> _PROBLEM TO WORK ON_
What you return must match, exactly, the lines running from the one containing "コミック エグゼ 65 [DL版]_508" to the end of the data, both included, and must contain no pictures.

(Crawled caption data)
● ● ● ● ●

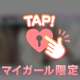 お知らせです📢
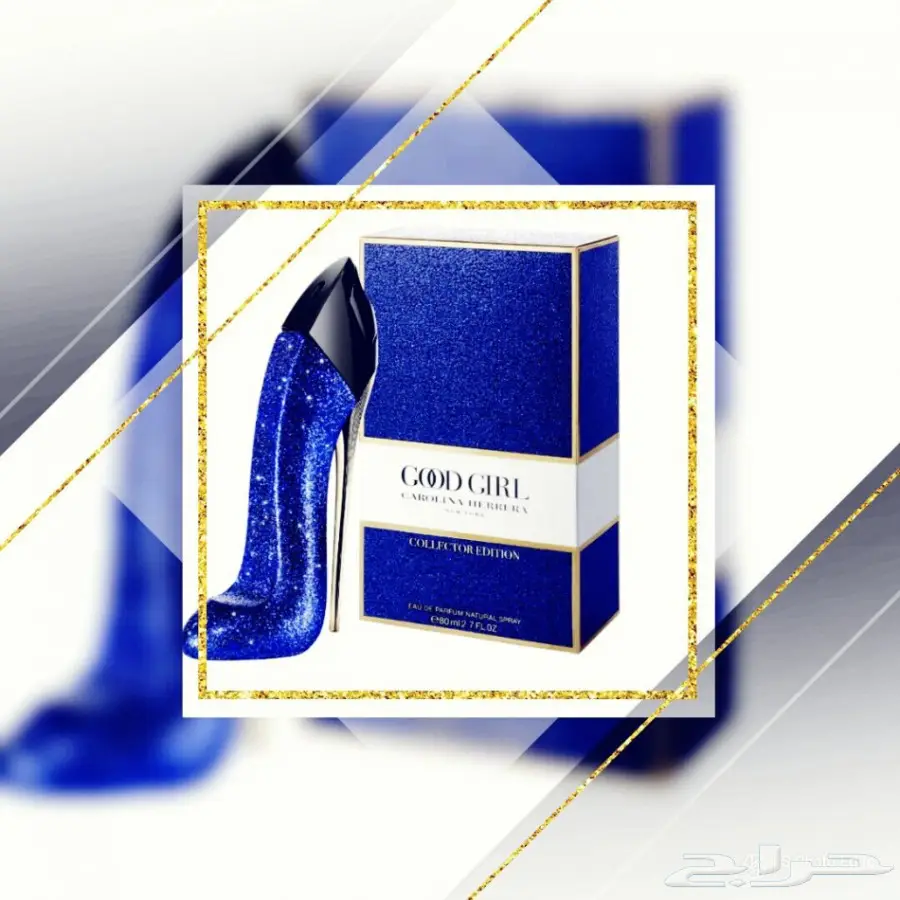 مزاد حراج مزاد لمدة ساعة اذا وقف عليك نصيبك (image 7)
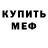Кетамин VHQ Aday Madaday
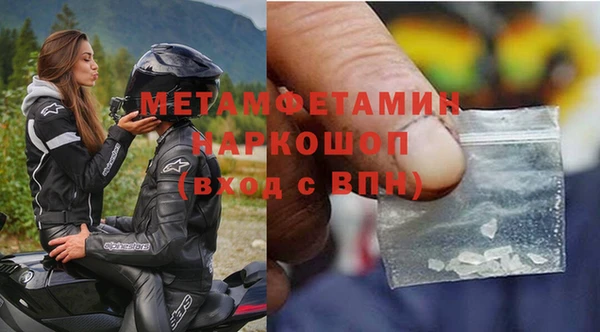 амфетамин Алзамай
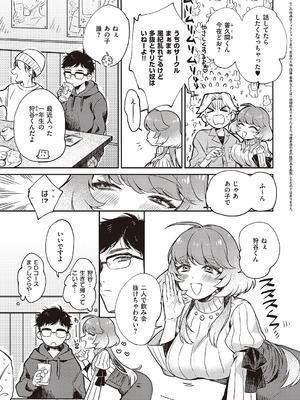 コミック エグゼ 65 [DL版]_508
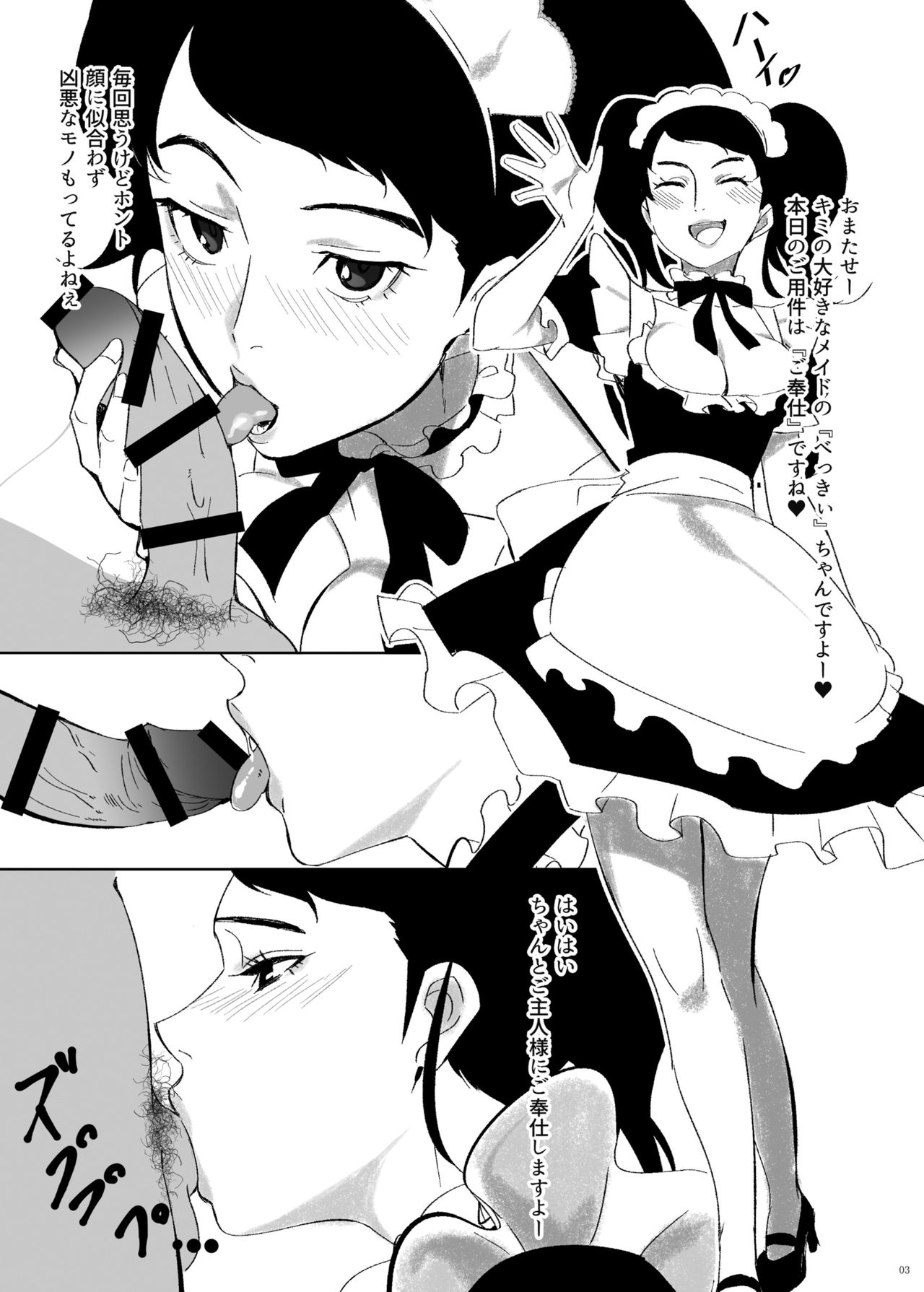 [Salt choc (Nana G)] Konna Koto Suru no Kimi ni dake nan dakara (Persona 5) [Digital] page 3 full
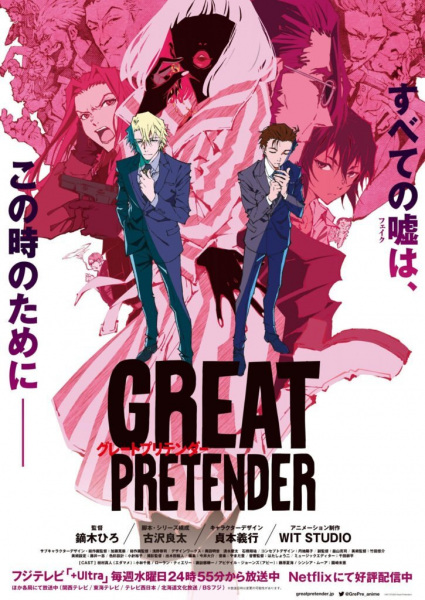 Great Pretender ยอดคนลวงโลก ตอนที่ 1-23 พากย์ไทย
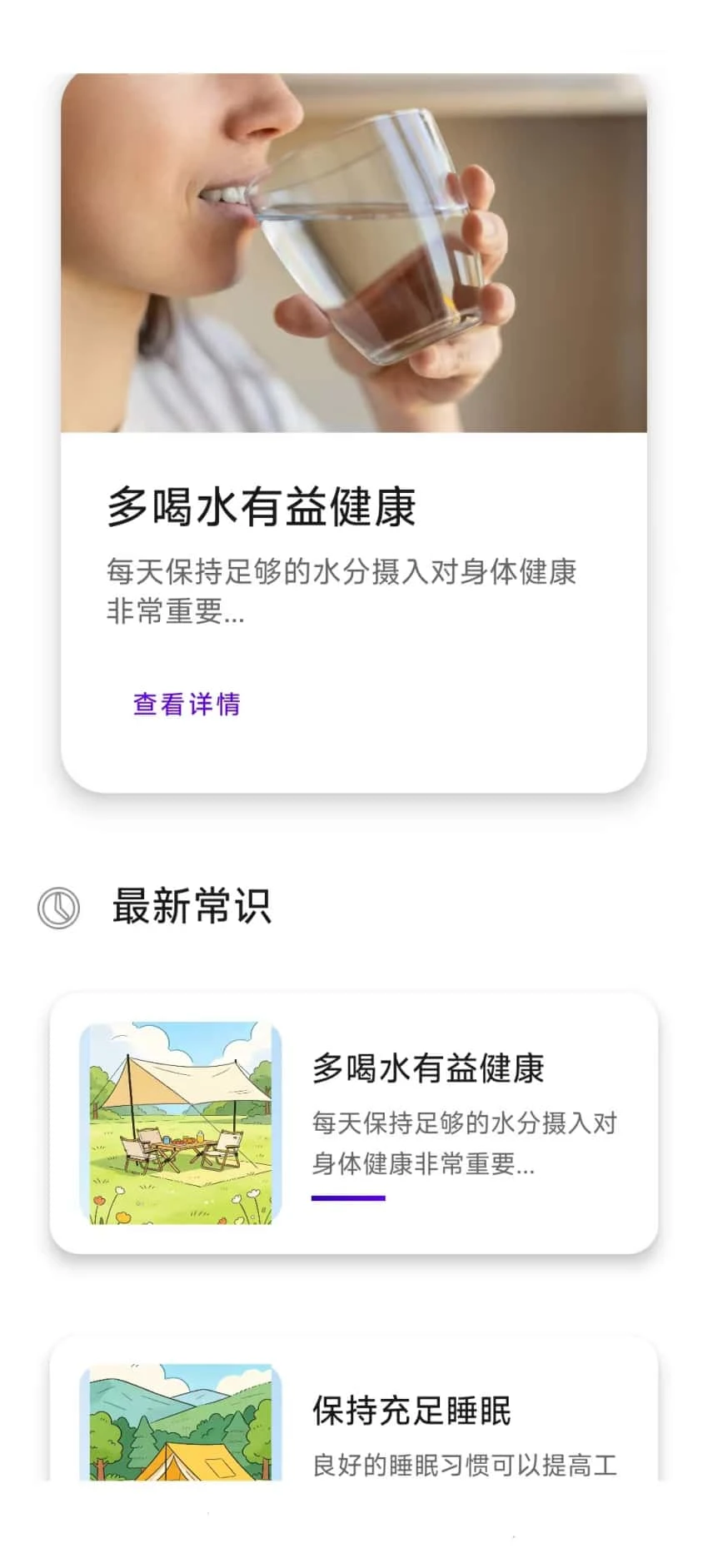 生活常识小助手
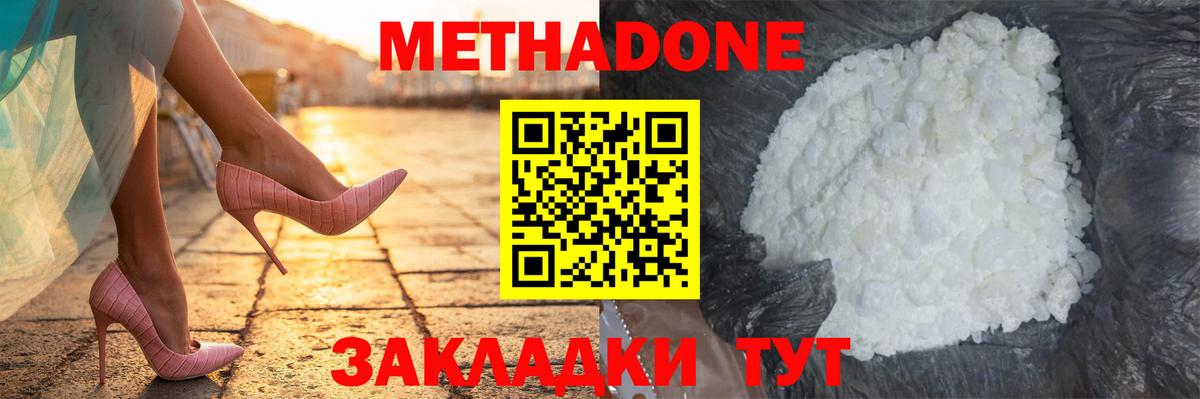 Северск  МЕТАДОН кристалл  Вход с VPN  МЕТАДОН мёд 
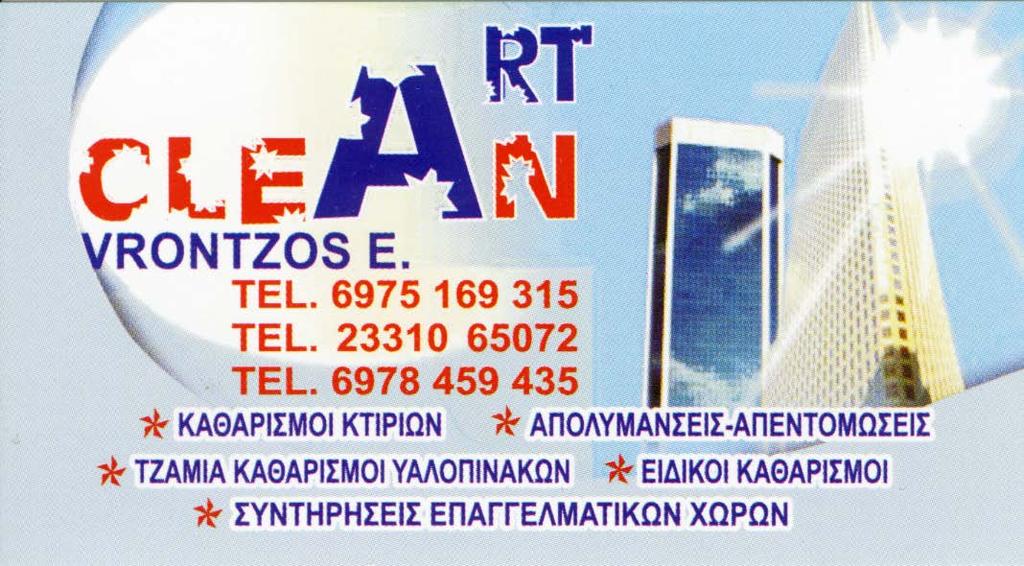 με ασανσέρ. Περιλαμβάνει 2Υ/Δ, μεγάλη σαλοκουζίνα, W.C. Είναι σε καλή κατάσταση φωτεινό με μπαλκόνι μπρος και πίσω. Τιμή πώλησης 70.000 ευρώ -ΠΩΛΕΙΤΑΙ διαμέρισμα στο κέντρο 94 τ.μ. με 2Υ/Δ, σαλόνι, κουζίνα, W.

● ● ● ● ●

> _RESULT OF THE EXERCISE_
 コミック エグゼ 65 [DL版]_508
 [Salt choc (Nana G)] Konna Koto Suru no Kimi ni dake nan dakara (Persona 5) [Digital] page 3 full
 Great Pretender ยอดคนลวงโลก ตอนที่ 1-23 พากย์ไทย
 生活常识小助手
 Северск  МЕТАДОН кристалл  Вход с VPN  МЕТАДОН мёд 
 με ασανσέρ. Περιλαμβάνει 2Υ/Δ, μεγάλη σαλοκουζίνα, W.C. Είναι σε καλή κατάσταση φωτεινό με μπαλκόνι μπρος και πίσω. Τιμή πώλησης 70.000 ευρώ -ΠΩΛΕΙΤΑΙ διαμέρισμα στο κέντρο 94 τ.μ. με 2Υ/Δ, σαλόνι, κουζίνα, W.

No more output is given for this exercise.